Restructuring for the future
Under the leadership of its President and CEOIndustry veteran Sebastião Gaspar Martins Sonangol has stepped up its divestment program which will hopefully bring billions of dollars in much needed funding through the sale of non-core assets. The proceeds from the sale should strengthen the balance sheet of a much smaller and more focused exploration and production entity. More than 70 stakes held by sonangol in companies around the world, including real estate, oil and gas services, financial services, tourism, logistics, telecommunications, aviation and certain operating blocks are at to sell.
The vision of a “Sonangol of the future”, as articulated by the management of the company, is one that will refocus its efforts on collaboration with its international partners and its current operating assets in the most efficient manner. possible, while at the same time investing in new exploration projects on land and in Angola’s traditionally prolific offshore basins.
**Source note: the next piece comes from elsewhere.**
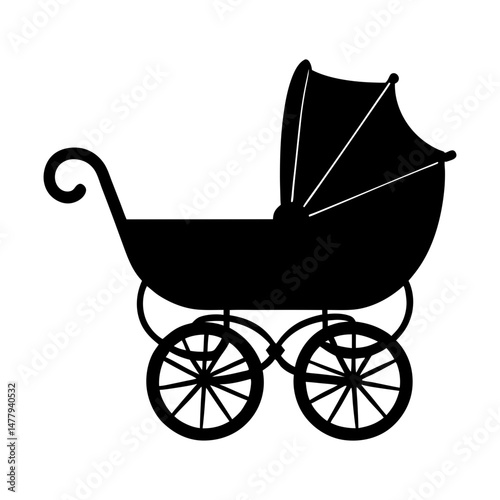 Silhouette of a classic baby carriage side view art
The restructuring of Sonangol also includes increasing investments in the production of renewable energy. With the oil majors ENI and TotalEnergies, Angola CNO has embarked on solar power projects that are expected to come online in 2022, with an initial production target of over 60 MW. The first studies to access the potential of green hydrogen production in Angola are also underway.
Funding for the future
Sonangol’s solar projects represent an opportunity for the company to structure carbon neutral financing agreements. We see more and more often large oil companies embarking on the structuring of such deals, by combining their request for financing for traditional oil and gas projects with that of associated carbon offset initiatives. In many cases, companies are simply buying carbon credits under a recognized program such as the UN sponsored program. CORSICA. CORSICA uses the proceeds from the sale of these credits to mass plant trees or develop solar farms with the aim of reducing greenhouse gas emissions. Such a new structuring is likely to continue to develop, as more and more banks sign commitments pledging to achieve net zero targets.
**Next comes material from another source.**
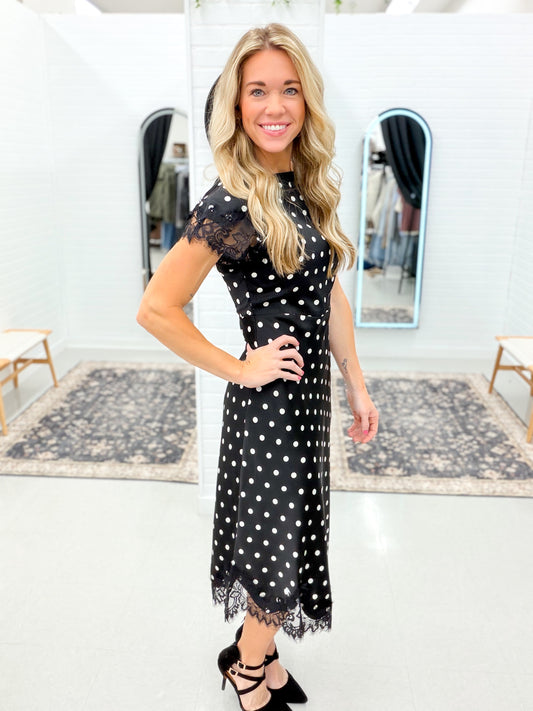 Promises Polka Dot Lace Trim Midi Dress Black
Access to financing and refinancing of existing debt at competitive market rates is a priority for the current management of Sonangol. To this end, many changes in the way funding is obtained have taken place. For example, the much criticized pre-financing of discounted crude sales is a practice of the past. Sonangol now relies mainly on calls for tenders authentic cash buyers for the sale of its crude. This not only ensured better prices per barrel, but also ushered in much needed transparency and broadened the base of potential buyers of Angolan crude.
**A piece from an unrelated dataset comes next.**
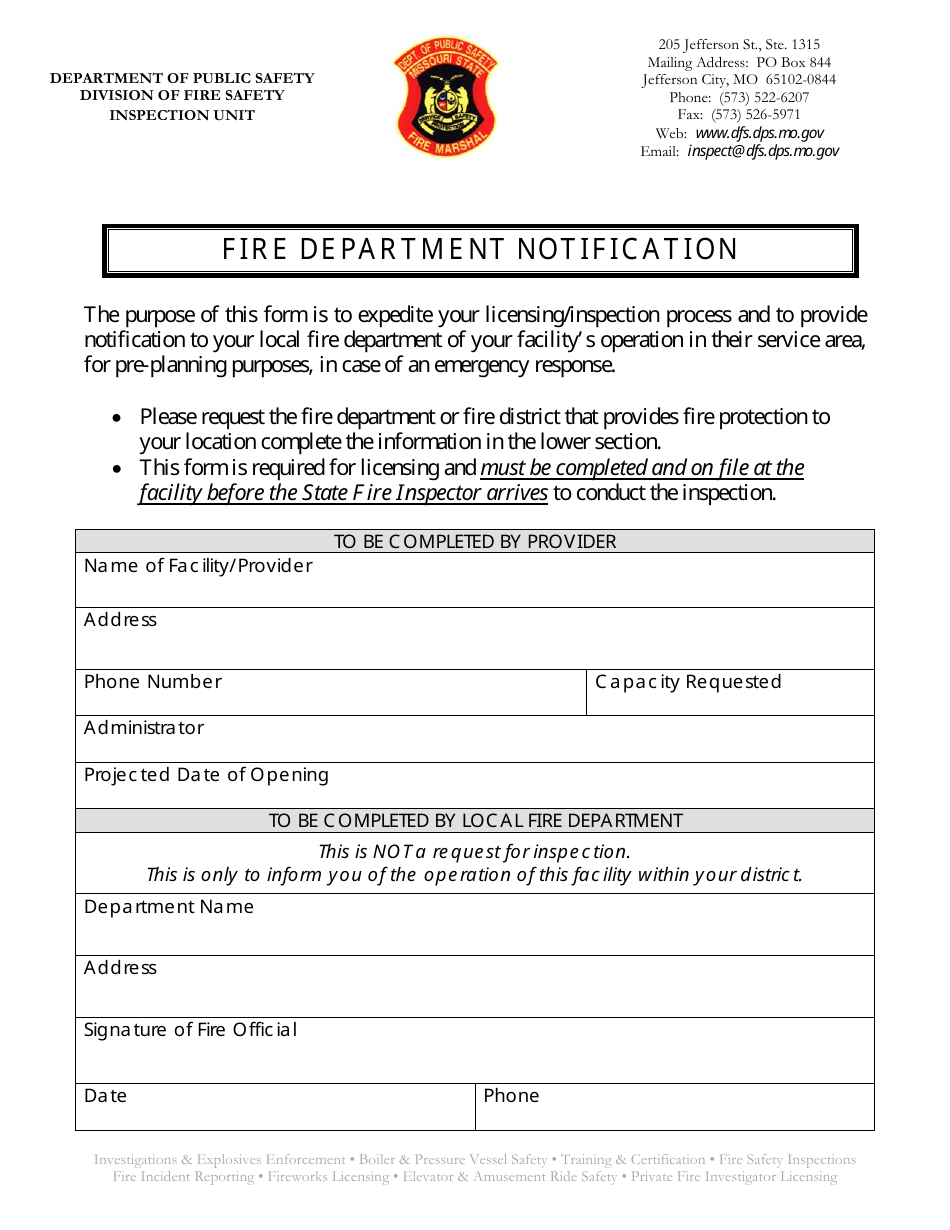 Fire Department Notification Form - Missouri, Page 1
Energy transition in Africa
The energy transition has already brought about major changes in the African oil and gas sector. The push towards decarbonization and rebalancing of CIO Global portfolios have led many investment firms to abandon assets in Africa. It is likely that we will see more oil and gas assets sold by IOCs in the coming years. According to Verner Ayukegba, Senior Vice President of the African Energy Chamber (AEC), “This, however, represents an excellent opportunity for indigenous African actors and other non-traditional operators based in Africa to enter the sector and generate returns beyond the market. ” The AEC continues to advocate for a pace of energy transition in Africa different from that of other regions.
Africa is responsible for barely 3% of global greenhouse gas emissions with 17% of the world’s population. According to AEC, over 700 million Africans do not have access to electricity and the world should therefore focus more on providing them access rather than cutting much needed funding for projects that will lead to increased access.
“It is unreasonable to demand that the transition from Lagos or Luanda be done in the same way as New York or London,” Ayukegba continued.
Funding for oil and gas deals in the era of transition and many other key topics affecting the sector are expected to be high on the agenda at this year’s Africa Energy Week event in Cape Town on 9e-12e November 2021.
Distributed by APO Group on behalf of the African Chamber of Energy.